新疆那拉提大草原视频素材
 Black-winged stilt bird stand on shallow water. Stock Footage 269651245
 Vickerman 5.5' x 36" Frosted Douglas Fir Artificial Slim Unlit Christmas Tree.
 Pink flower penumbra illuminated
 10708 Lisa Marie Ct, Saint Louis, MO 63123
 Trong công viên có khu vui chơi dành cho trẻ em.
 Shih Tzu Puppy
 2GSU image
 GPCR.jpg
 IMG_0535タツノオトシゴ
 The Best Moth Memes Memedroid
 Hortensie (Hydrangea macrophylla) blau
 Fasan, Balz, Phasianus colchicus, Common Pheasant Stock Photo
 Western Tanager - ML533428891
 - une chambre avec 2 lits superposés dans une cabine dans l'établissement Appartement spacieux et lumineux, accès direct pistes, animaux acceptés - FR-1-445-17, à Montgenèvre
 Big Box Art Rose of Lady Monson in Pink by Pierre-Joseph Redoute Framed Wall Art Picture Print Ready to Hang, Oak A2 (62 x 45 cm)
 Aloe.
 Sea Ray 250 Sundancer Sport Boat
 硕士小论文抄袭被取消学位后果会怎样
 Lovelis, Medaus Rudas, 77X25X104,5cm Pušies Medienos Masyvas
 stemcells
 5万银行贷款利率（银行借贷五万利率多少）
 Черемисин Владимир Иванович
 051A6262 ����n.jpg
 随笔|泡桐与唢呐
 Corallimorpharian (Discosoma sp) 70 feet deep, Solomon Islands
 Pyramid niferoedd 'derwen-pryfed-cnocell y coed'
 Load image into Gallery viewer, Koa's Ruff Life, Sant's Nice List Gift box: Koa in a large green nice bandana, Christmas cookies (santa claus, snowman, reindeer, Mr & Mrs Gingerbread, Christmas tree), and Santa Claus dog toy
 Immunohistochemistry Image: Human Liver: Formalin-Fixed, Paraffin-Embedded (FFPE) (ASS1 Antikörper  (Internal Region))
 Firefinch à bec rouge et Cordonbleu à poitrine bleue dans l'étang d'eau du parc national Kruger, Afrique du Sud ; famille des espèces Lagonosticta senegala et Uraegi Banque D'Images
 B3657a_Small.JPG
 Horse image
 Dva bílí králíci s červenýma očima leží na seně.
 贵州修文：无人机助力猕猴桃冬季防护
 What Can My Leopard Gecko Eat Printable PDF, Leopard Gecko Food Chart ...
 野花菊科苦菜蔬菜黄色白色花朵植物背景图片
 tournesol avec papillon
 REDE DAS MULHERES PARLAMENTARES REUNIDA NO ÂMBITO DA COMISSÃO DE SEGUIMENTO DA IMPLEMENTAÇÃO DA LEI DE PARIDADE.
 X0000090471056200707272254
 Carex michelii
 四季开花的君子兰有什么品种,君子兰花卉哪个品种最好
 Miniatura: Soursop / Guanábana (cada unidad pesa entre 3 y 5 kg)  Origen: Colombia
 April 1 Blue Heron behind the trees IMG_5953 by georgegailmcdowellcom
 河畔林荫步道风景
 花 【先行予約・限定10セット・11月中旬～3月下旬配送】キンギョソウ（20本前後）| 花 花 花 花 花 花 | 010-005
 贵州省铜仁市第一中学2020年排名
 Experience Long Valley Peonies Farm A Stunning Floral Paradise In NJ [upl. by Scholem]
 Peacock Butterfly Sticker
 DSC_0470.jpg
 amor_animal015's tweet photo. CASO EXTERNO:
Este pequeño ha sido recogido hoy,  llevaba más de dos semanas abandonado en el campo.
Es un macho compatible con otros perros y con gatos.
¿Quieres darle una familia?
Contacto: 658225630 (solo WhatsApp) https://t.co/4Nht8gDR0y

Work to complete:
Which lines of the listing above hold the word "avec"? Copy each of them.

Task solution:
 - une chambre avec 2 lits superposés dans une cabine dans l'établissement Appartement spacieux et lumineux, accès direct pistes, animaux acceptés - FR-1-445-17, à Montgenèvre
 tournesol avec papillon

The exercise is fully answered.